◆ What to do: Set the entries below down again, please. Match them exactly.

◆ Extracted records:
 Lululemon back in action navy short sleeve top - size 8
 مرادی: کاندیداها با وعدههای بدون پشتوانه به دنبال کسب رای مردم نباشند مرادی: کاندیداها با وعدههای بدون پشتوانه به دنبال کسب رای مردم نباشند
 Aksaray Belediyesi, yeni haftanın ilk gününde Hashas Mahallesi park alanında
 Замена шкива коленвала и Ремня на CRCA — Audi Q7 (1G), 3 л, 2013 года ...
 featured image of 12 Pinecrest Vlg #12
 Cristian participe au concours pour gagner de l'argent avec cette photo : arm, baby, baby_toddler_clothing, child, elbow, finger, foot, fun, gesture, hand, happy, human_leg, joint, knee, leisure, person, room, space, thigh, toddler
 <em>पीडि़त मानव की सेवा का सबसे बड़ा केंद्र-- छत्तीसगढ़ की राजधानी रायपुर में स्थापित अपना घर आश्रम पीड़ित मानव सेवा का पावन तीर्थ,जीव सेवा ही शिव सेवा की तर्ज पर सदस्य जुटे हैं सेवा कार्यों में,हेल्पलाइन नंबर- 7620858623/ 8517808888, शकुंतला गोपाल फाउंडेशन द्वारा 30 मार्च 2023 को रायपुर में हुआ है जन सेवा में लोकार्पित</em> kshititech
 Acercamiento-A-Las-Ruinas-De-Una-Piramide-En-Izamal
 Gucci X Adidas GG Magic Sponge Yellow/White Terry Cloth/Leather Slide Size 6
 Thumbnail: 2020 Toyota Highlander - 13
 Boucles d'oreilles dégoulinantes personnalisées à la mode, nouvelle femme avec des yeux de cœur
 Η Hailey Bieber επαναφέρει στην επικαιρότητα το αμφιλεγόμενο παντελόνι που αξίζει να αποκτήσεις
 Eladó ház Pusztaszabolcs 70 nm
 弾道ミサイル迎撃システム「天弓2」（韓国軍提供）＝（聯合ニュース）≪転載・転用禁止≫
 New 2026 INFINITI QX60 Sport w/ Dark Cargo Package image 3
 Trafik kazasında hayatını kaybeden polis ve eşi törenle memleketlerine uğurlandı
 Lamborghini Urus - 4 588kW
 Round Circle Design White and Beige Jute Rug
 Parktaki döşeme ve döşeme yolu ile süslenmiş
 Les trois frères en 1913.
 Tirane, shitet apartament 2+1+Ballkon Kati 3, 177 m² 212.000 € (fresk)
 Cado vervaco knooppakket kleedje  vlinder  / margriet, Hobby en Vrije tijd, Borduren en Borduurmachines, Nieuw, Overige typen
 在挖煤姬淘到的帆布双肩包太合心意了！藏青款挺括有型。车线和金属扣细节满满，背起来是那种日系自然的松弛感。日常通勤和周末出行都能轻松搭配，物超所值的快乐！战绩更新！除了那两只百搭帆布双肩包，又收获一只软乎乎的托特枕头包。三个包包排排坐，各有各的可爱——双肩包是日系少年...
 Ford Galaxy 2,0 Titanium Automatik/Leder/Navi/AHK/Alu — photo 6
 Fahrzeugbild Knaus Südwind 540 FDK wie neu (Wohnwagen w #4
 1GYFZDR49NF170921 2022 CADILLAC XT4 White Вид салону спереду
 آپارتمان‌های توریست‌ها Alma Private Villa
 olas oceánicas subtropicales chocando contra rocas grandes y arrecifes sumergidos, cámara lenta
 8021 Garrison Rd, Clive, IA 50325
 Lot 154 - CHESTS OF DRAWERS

◆ Written response:
 Lululemon back in action navy short sleeve top - size 8
 مرادی: کاندیداها با وعدههای بدون پشتوانه به دنبال کسب رای مردم نباشند مرادی: کاندیداها با وعدههای بدون پشتوانه به دنبال کسب رای مردم نباشند
 Aksaray Belediyesi, yeni haftanın ilk gününde Hashas Mahallesi park alanında
 Замена шкива коленвала и Ремня на CRCA — Audi Q7 (1G), 3 л, 2013 года ...
 featured image of 12 Pinecrest Vlg #12
 Cristian participe au concours pour gagner de l'argent avec cette photo : arm, baby, baby_toddler_clothing, child, elbow, finger, foot, fun, gesture, hand, happy, human_leg, joint, knee, leisure, person, room, space, thigh, toddler
 <em>पीडि़त मानव की सेवा का सबसे बड़ा केंद्र-- छत्तीसगढ़ की राजधानी रायपुर में स्थापित अपना घर आश्रम पीड़ित मानव सेवा का पावन तीर्थ,जीव सेवा ही शिव सेवा की तर्ज पर सदस्य जुटे हैं सेवा कार्यों में,हेल्पलाइन नंबर- 7620858623/ 8517808888, शकुंतला गोपाल फाउंडेशन द्वारा 30 मार्च 2023 को रायपुर में हुआ है जन सेवा में लोकार्पित</em> kshititech
 Acercamiento-A-Las-Ruinas-De-Una-Piramide-En-Izamal
 Gucci X Adidas GG Magic Sponge Yellow/White Terry Cloth/Leather Slide Size 6
 Thumbnail: 2020 Toyota Highlander - 13
 Boucles d'oreilles dégoulinantes personnalisées à la mode, nouvelle femme avec des yeux de cœur
 Η Hailey Bieber επαναφέρει στην επικαιρότητα το αμφιλεγόμενο παντελόνι που αξίζει να αποκτήσεις
 Eladó ház Pusztaszabolcs 70 nm
 弾道ミサイル迎撃システム「天弓2」（韓国軍提供）＝（聯合ニュース）≪転載・転用禁止≫
 New 2026 INFINITI QX60 Sport w/ Dark Cargo Package image 3
 Trafik kazasında hayatını kaybeden polis ve eşi törenle memleketlerine uğurlandı
 Lamborghini Urus - 4 588kW
 Round Circle Design White and Beige Jute Rug
 Parktaki döşeme ve döşeme yolu ile süslenmiş
 Les trois frères en 1913.
 Tirane, shitet apartament 2+1+Ballkon Kati 3, 177 m² 212.000 € (fresk)
 Cado vervaco knooppakket kleedje  vlinder  / margriet, Hobby en Vrije tijd, Borduren en Borduurmachines, Nieuw, Overige typen
 在挖煤姬淘到的帆布双肩包太合心意了！藏青款挺括有型。车线和金属扣细节满满，背起来是那种日系自然的松弛感。日常通勤和周末出行都能轻松搭配，物超所值的快乐！战绩更新！除了那两只百搭帆布双肩包，又收获一只软乎乎的托特枕头包。三个包包排排坐，各有各的可爱——双肩包是日系少年...
 Ford Galaxy 2,0 Titanium Automatik/Leder/Navi/AHK/Alu — photo 6
 Fahrzeugbild Knaus Südwind 540 FDK wie neu (Wohnwagen w #4
 1GYFZDR49NF170921 2022 CADILLAC XT4 White Вид салону спереду
 آپارتمان‌های توریست‌ها Alma Private Villa
 olas oceánicas subtropicales chocando contra rocas grandes y arrecifes sumergidos, cámara lenta
 8021 Garrison Rd, Clive, IA 50325
 Lot 154 - CHESTS OF DRAWERS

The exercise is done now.